Goldfein also noted that as chief, it is his job to ensure that the chief of staff in 2030 has what they need to say with confidence that if they go to war with a peer adversary, they’ll win.
“They’ll go to war with the Air Force built by chief 21,” Goldfein, the 21st chief of staff, said. “Today’s ceremony is a significant contribution to this moral obligation; ensuring we continue to fly, fight and win in air, space and cyberspace, now and into the future.”
Integration and competition
The new entity will consolidate a series of disciplines — to include ISR wings, cyber wings, weather wings and reconnaissance wings encompassing unmanned assets like the RQ-4 Global Hawk, U-2 spy plane and Distributed Common Ground System — to provide a more integrated and synchronized information warfare capability.
“By combining the disciplines of cyber operations, ISR, electronic warfare, information operations, under a single command, we’ll remove walls and stovepipes,” Goldfein said.
During a briefing to airmen and senior leadership following the ceremony, Haugh said the separation of these disciplines across multiple organizations in the Air Force created an inability to integrate operations across multiple domains across the conflict continuum. That’s a problem the service wants to solve.
“Tight integration between units within our enterprise will be the key to rapidly generating insights. By creating these linkages, we’ll start to identify new opportunities for targeting adversaries in the information environment,” Haugh said.
The organization will include information warfare cells that will provide integrated capabilities for air components at combatant commands as well as within the Joint Force Headquarters-Cyber, which sits beneath Cyber Command and conducts cyber operations for European Command, Transportation Command and Strategic Command.
What was not immediately clear, however, is how cyber will be integrated into the information warfare cells for air components across other combatant commands because other service Joint Force Headquarters-Cybers are responsible for conducting cyber operations at the other combatant commands.

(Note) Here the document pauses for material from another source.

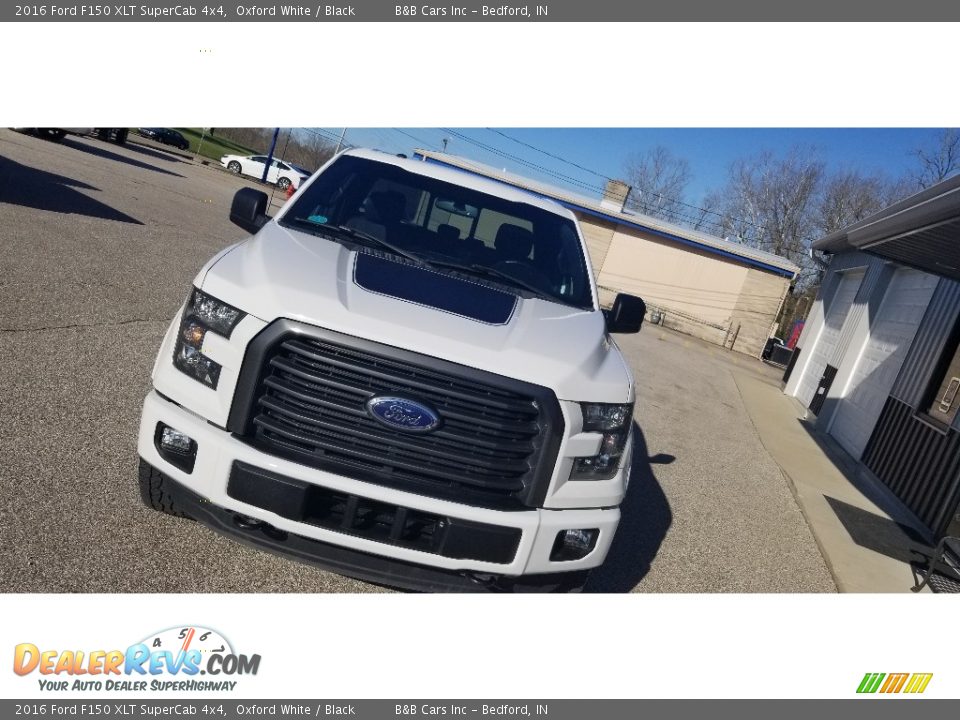 2016 Ford F150 XLT SuperCab 4x4 Oxford White / Black Photo #6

One of the ultimate goals for the new organization will be to better prepare the service, and by extension, the joint force, in the so-called “competition phase” below the threshold of armed conflict every day.
Goldfein explained that of the National Defense Strategy’s three directives — compete, deter and win in conflict — the “compete” portion is the most immature.
“How do we build a force that is not only capable of winning and deterring but also engaged in this below the level of armed conflict competition every day,” Goldfein told reporters.
He said that the Joint Chiefs have begun to walk away from describing phases of a campaign.
“We used to say classic phase 0, now we’re phase 1, phase 2, but when we dug into it an important question we asked was ‘alright so where’s Putin right now in terms of his phase in cyber and where are we,’” he said. “The discussion of phases in the competitive space actually is unhelpful. So what you need to do is to understand where the competition is and be able to engage.”